▶ _YOUR INSTRUCTIONS_
Pictures stay out of the copy. Transcribe exactly the lines from the line with "Dice Priori D20" through the final line of the records.

(Stored entries)
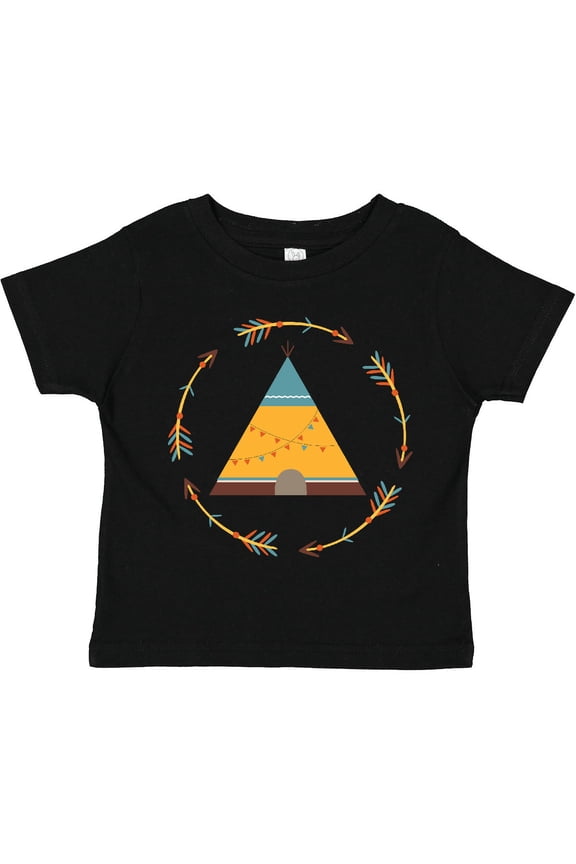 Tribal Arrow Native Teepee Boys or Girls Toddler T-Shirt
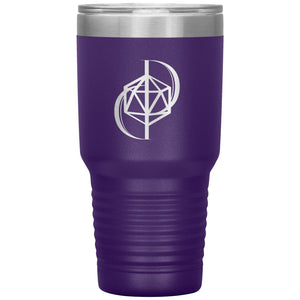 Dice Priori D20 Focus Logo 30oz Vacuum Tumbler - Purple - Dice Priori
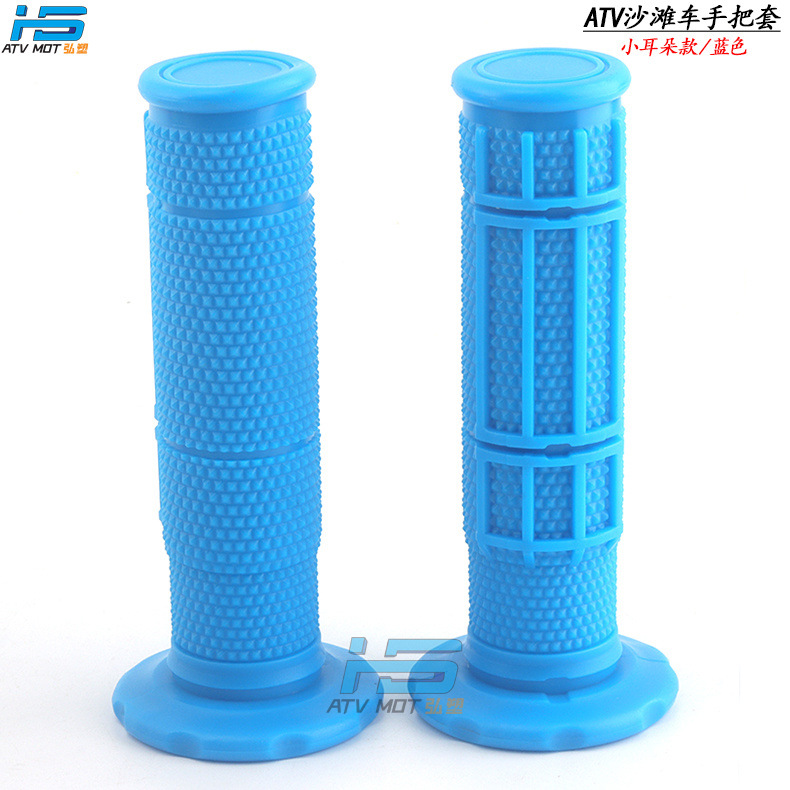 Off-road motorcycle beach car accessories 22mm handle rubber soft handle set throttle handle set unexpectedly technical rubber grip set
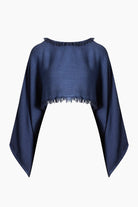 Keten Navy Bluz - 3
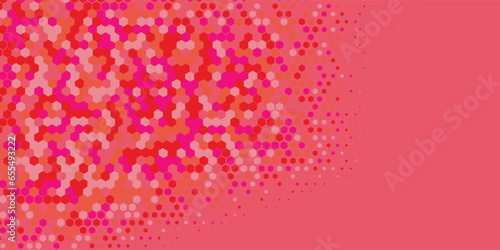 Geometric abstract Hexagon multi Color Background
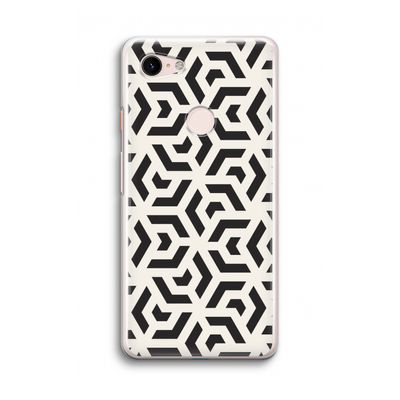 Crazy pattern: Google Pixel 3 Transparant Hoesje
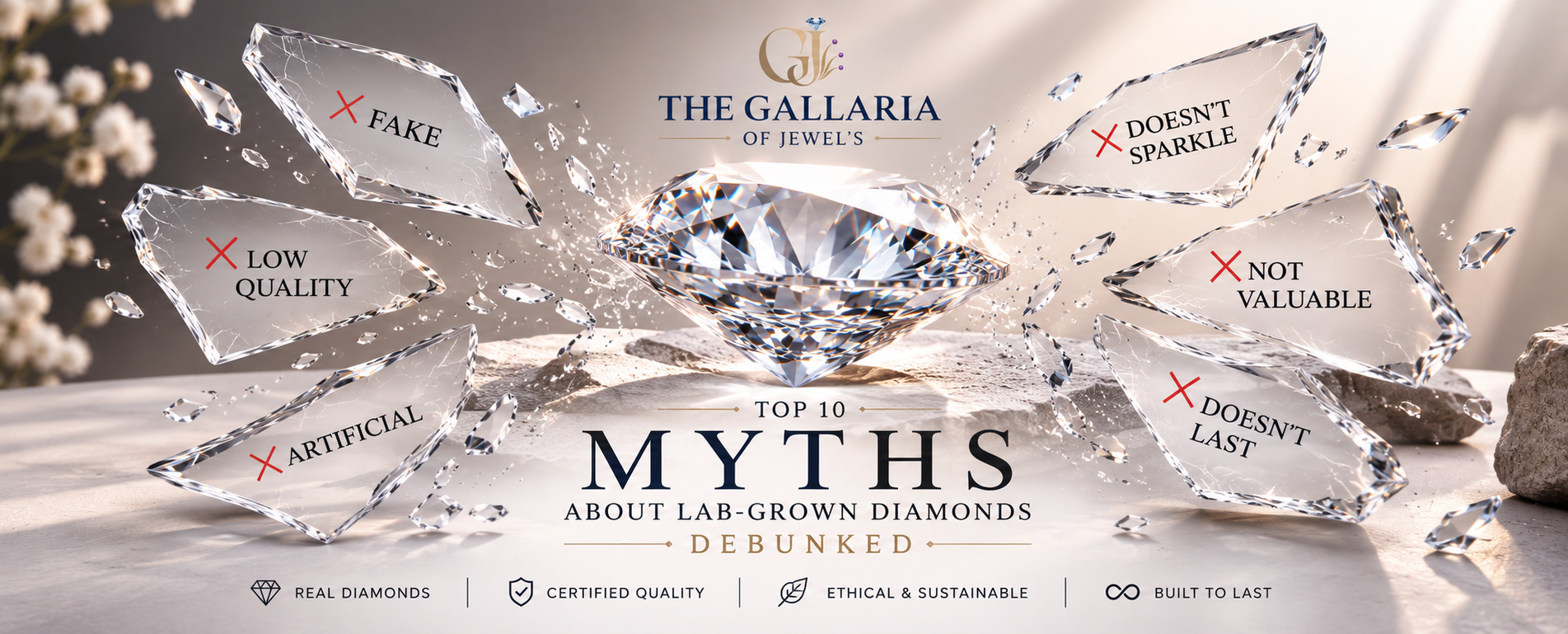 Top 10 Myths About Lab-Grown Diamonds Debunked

▶ _RESPONSE_
 Dice Priori D20 Focus Logo 30oz Vacuum Tumbler - Purple - Dice Priori
 Off-road motorcycle beach car accessories 22mm handle rubber soft handle set throttle handle set unexpectedly technical rubber grip set
 Keten Navy Bluz - 3
 Geometric abstract Hexagon multi Color Background
 Crazy pattern: Google Pixel 3 Transparant Hoesje
 Top 10 Myths About Lab-Grown Diamonds Debunked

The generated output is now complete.